CIRT presents a promising treatment option for HCC, particularly for patients with unresectable HCC 7–10. In Japan, CIRT is already covered by the Japanese health insurance system for HCCs larger than 4 cm. To date, no study has predicted RILD after CIRT, and, therefore, estimating the risk of RILD or preventing serious RILD has been challenging. To the best of our knowledge, this is the first study to determine pretreatment Child–Pugh score B and VS30 < 739 cm3 as risk factors for RILD due to CIRT. Moreover, our study showed that the one-year cumulative incidences of RILD stratified by Child–Pugh class A or B and VS30 < 739 cm3 or ≥ 739 cm3 were 10.3% or 51.8% and 39.6% or 9.2%, respectively. Our findings demonstrate that adhering to the dose constraint of VS30 ≥ 739 cm3 can effectively prevent RILD, providing valuable insights into planning CIRT treatment.
Although there are no reports on the risk of RILD due to CIRT, there are some reports on the risk of RILD after X-ray SBRT or proton beam radiotherapy. Previous studies on SBRT-induced RILD have reported various risk factors, such as V15, VS10, pretreatment Child–Pugh score, mean liver dose, high doses to 800 cm3 of the liver, and lower platelet count 11–13. Hsieh et al. evaluated proton radiotherapy-induced RILD and reported GTV, pretreatment Child–Pugh score, and unirradiated liver volume/standard liver volume as significant risk factors 18. In the present study, the pretreatment Child–Pugh score and VS30 of the liver were identified as significant risk factors for RILD after CIRT. While direct comparisons between CIRT, proton, and X-ray treatments are challenging because of the differences in radiation quality and dose fractionation, the pretreatment Child–Pugh score consistently emerges as a risk factor for RILD. Moreover, a dose constraint of VS15 ≥ 700 cm3 has been proposed for SBRT according to QUANTEC18, supporting our finding of VS30 ≥ 739 cm3.
In the past, RILD due to X-rays was classified into classical and non-classical RILD 19. Classical RILD, which presents with hepatomegaly, anicteric ascites, and elevated alkaline phosphatase, occurs following whole liver irradiation or conventional RT; however, SBRT-induced RILD belongs to the non-classical category.
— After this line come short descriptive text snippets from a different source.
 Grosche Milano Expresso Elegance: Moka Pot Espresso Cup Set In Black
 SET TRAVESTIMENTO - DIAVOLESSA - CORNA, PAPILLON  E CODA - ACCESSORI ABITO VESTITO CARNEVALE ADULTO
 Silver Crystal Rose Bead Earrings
The symptoms of non-classical RILD vary based on SBRT or proton therapy, with the most common and the primary definition considered in this study being a worsening of Child–Pugh score by two or more points. However, some studies have included criteria such as hepatobiliary enzymes elevated five times above the upper limit of normal or ascites 12,18. These differences arise from the absence of a standardized method with high sensitivity and specificity for detecting non-classical RILDs.
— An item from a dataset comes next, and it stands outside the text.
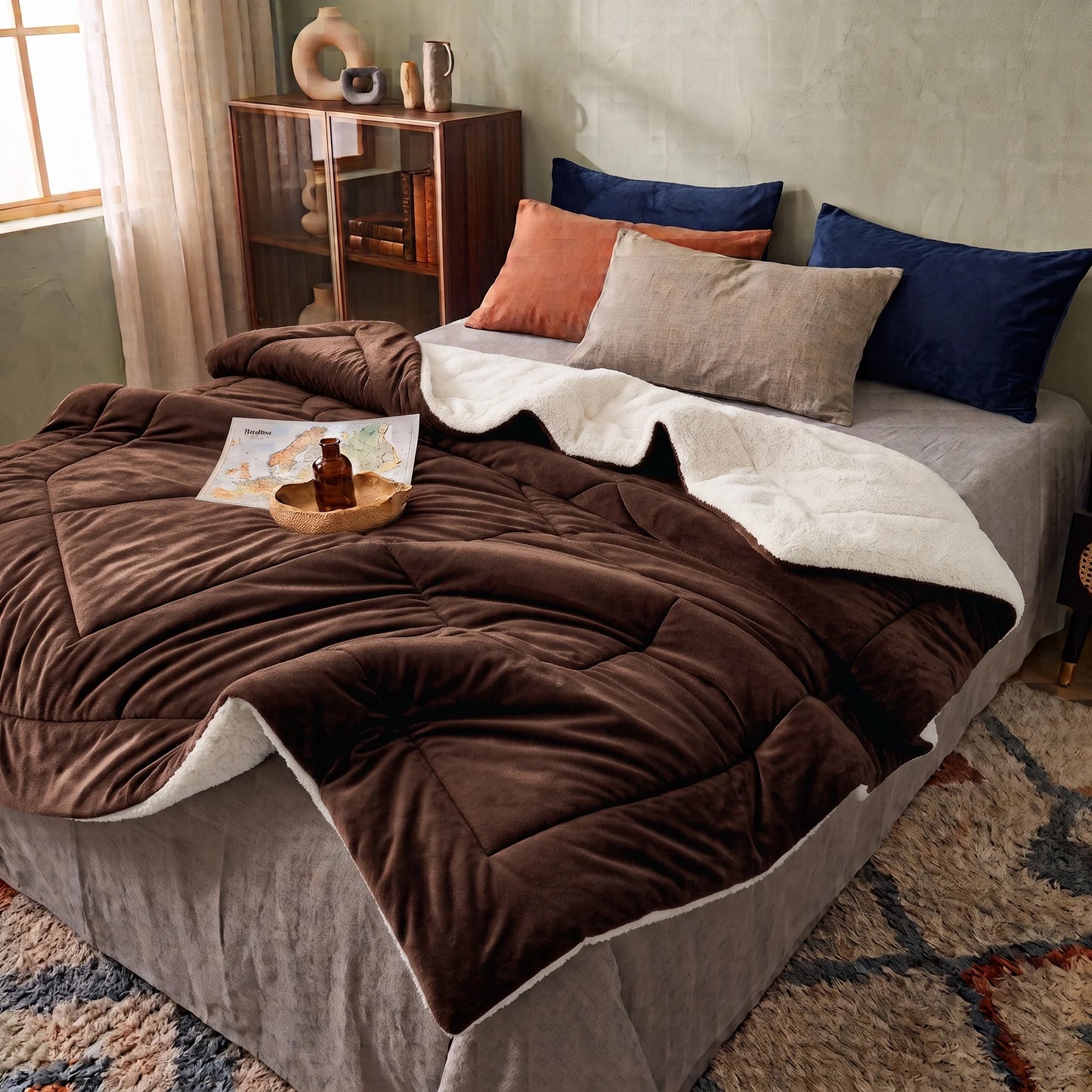 Throw Blanket Double-Sided Faux Lambswool Warm & Soft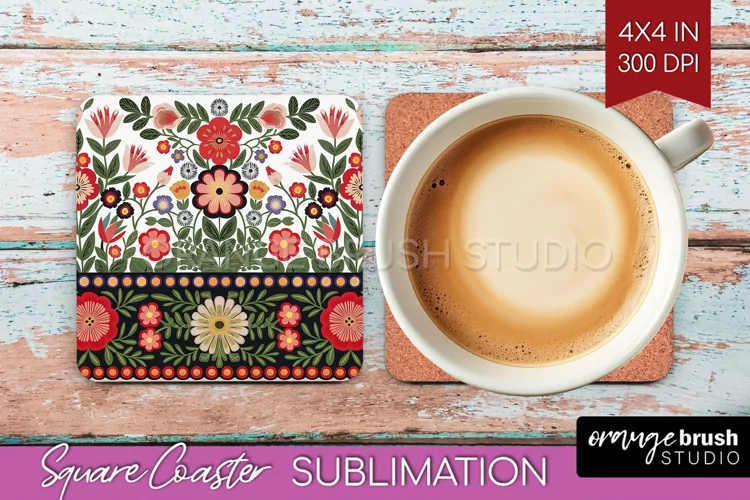 Folk Flowers Square Coaster - Floral Folk Coaster PNG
Recovery from RILD has been reported in some cases. Jun et al. reported an improvement in Child–Pugh classification A, but not in B, after SBRT12. The present study showed that 43% of patients with pretreatment Child–Pugh classification A showed improvement after RILD, whereas only 25% of patients with classification B showed improvement. These results indicate that recovery from RILD can be difficult; therefore, CIRT must be used to proactively prevent RILD. Although CIRT has shown high local control rates for HCC, new lesions in the liver outside the irradiated field typically recur 7–10. In such cases, if RILD from CIRT persists, impaired liver function may complicate definitive local treatments (such as surgery, radiofrequency ablation, SBRT, and CIRT) for new HCC lesions. Therefore, our results suggest that the one-year incidence of RILD can be reduced from 39.6–9.2% by setting VS30 ≥ 739 cm3 as a dose constraint in optimal CIRT treatment planning.
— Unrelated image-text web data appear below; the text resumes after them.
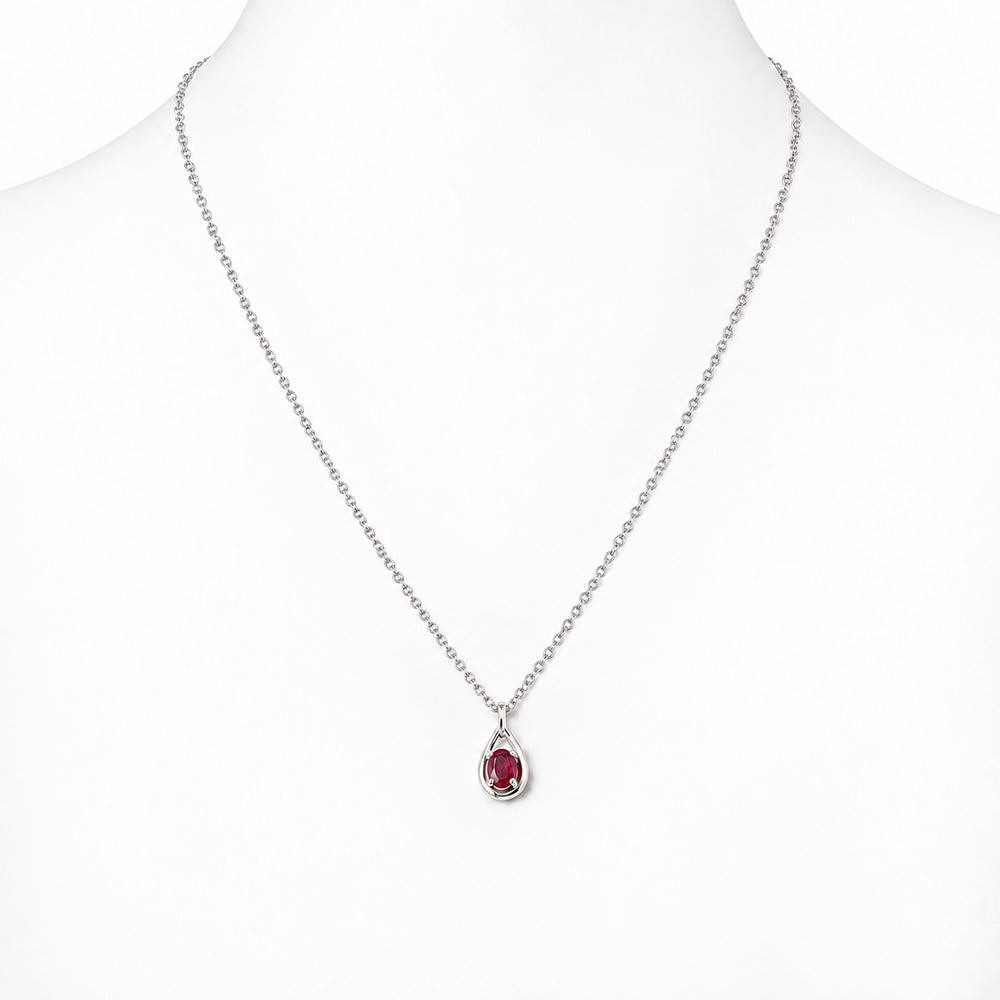 Infinity, Oval cut Lab Ruby Pendant - 7x5mm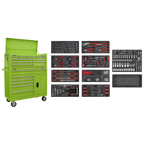 Topchest & Rollcab Combination 15 Drawer with 117pc Tool Kit - Green AP41STACKHVCOMBO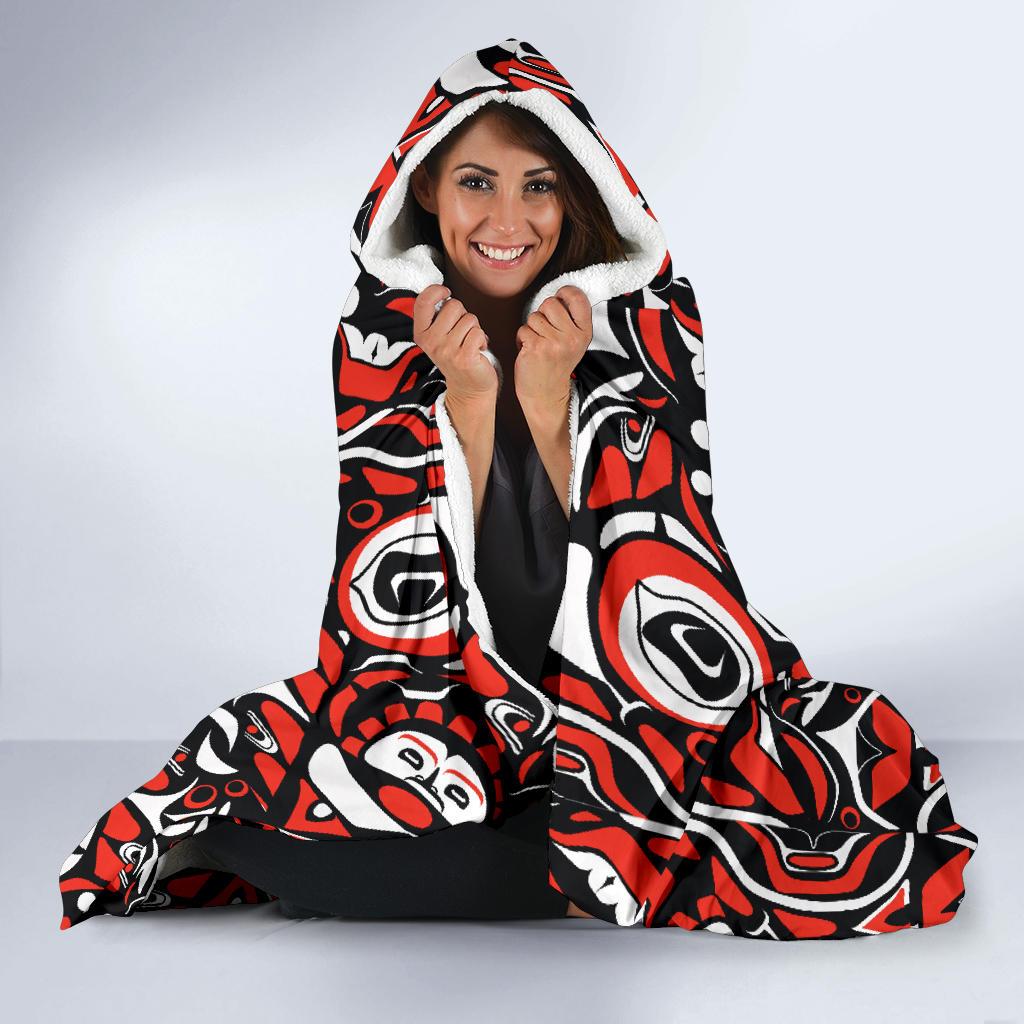 Native North American Themed Print Hooded Blanket-JTAMIGO.COM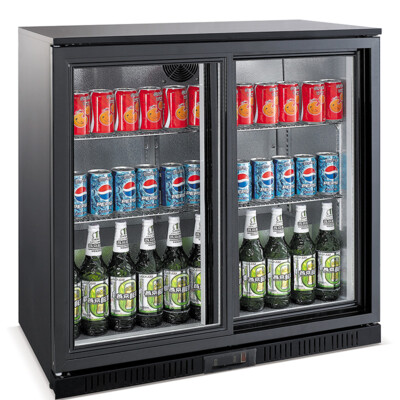 Combisteel Backbar Cooler Black 2 Sliding Doors, 198L Capacity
Our study has several limitations. First, this was a single-center retrospective study with a small sample size of only 11 cases of RILD. Second, our study included a predefined dose constraint of the volume of the normal liver receiving < 20 Gy (RBE) as > 600 cm3, introducing patient and treatment plan bias. Third, it was difficult to accurately distinguish RILD from spontaneous worsening of liver cirrhosis. Fourth, the number of patients with Child–Pugh classification B was only 10.